The density of the fuel is a pain. It burns hot when it gets going and it impedes mobility.
When the river bottom gets going, everybody gets a chance to play. The county came in with several engines, a couple of hand crews and a helicopter. The engine in the foreground is a county engine, the one in the background is a county engine. Both crews ended up working a hoseline pulled off of the city engine.
Broken hose blues. The composite crew works to replace a section of broken hose. Another reason to have an escape route in place, a lot of bad things can happen while waiting for a busted length to be replaced.
If you holler "Hey Cap" to anybody wearing a red helmet, odds are that they will turn around. Just sayin', I still do.
I like the shot below, it shows that the lay has been extended as far as it can go and is about to be extended. The next length has already been dropped, unrolled and is ready to go. As soon as the nozzleman calls for it, the hose will then be clamped and the next length added on. It's magic when everybody works together.

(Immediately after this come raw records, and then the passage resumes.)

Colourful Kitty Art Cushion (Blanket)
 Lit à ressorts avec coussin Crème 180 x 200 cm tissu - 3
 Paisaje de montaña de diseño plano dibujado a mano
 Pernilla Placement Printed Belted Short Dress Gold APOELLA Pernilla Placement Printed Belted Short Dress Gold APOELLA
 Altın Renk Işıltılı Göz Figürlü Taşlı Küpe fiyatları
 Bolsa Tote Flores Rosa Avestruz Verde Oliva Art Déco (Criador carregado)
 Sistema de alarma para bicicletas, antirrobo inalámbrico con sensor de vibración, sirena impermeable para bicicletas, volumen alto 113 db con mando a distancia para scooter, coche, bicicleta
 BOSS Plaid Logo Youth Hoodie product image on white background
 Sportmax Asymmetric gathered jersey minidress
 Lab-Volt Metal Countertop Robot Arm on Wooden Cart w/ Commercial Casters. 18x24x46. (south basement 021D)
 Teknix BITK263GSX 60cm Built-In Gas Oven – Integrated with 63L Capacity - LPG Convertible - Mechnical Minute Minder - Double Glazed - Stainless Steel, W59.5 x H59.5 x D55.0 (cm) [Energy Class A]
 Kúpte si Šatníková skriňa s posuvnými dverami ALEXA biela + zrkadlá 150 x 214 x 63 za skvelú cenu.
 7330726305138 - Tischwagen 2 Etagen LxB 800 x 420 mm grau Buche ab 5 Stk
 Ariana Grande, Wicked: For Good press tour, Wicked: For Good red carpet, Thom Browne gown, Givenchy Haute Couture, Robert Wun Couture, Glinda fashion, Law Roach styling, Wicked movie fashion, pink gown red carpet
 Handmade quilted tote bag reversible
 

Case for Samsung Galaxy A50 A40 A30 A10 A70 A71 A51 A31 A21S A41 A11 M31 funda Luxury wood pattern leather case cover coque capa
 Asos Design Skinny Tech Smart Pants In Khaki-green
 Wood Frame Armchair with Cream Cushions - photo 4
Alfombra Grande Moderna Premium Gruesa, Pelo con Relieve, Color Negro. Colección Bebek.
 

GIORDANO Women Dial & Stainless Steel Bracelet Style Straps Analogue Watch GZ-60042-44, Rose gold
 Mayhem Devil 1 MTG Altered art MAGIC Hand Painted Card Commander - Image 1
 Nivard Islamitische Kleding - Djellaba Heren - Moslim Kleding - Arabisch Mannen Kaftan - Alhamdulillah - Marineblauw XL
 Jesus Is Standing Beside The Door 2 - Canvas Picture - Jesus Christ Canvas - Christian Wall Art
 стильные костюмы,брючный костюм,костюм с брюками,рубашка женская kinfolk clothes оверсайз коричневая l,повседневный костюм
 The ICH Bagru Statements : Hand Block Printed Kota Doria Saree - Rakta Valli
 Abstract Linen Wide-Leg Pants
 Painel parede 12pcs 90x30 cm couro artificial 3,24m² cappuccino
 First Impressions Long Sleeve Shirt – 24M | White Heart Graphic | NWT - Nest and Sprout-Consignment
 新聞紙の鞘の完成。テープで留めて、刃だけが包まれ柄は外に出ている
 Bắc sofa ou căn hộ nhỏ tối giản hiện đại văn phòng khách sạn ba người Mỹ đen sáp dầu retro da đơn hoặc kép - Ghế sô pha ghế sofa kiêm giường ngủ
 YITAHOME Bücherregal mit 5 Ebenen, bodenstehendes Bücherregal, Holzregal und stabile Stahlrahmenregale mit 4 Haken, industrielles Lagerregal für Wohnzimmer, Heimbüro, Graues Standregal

Hot, humid, nasty day. These rarely happen on nice days. All I had to carry was a camera bag. My days of lugging a hose pack through the brush are over and I am grateful.
The county helped out with their helicopter. It is an invaluable tool when fighting fire in places like this.
After working my way around to the left flank of the fire, I found these guys.
This is the helattack crew assigned to the helicopter in the picture above. They are assigned to the helicopter and flown in to remote areas to begin operations until ground resources can make access. Though I don't think that they were requested for this fire, they kind of came with the helicopter. Besides, there was plenty of work to go around.
The nature of the river bottom also mandates that despite everyone's best efforts, an ember will get across the control line and smolder for a while before flaring up and causing a stir. It's just the way it is. That is why units were on scene overnight and into the next day.
The chiefs had their hands full as well. Not only these chiefs, but the ones arranging station coverage, call-backs, logistical support and future planning.
We have several of these river bottom fires a year. I don't miss them at all, though I must admit they CAN photograph well.
Everybody worked their tail off, a couple to the point of injury. As miserable as the day was, it may have been a blessing. The Santa Ana winds are due in a few weeks and the fuel has been cooking all summer. As much as the burning river bottom is hated now, it is hated more with a 30 MPH wind pushing it. Whatever burns now can't burn then.
Sorry for the long post, but I was able to get a lot of pictures. Apologies to the Saint I Am Married To for not getting that lighting issue resolved. Thanks to you for reading.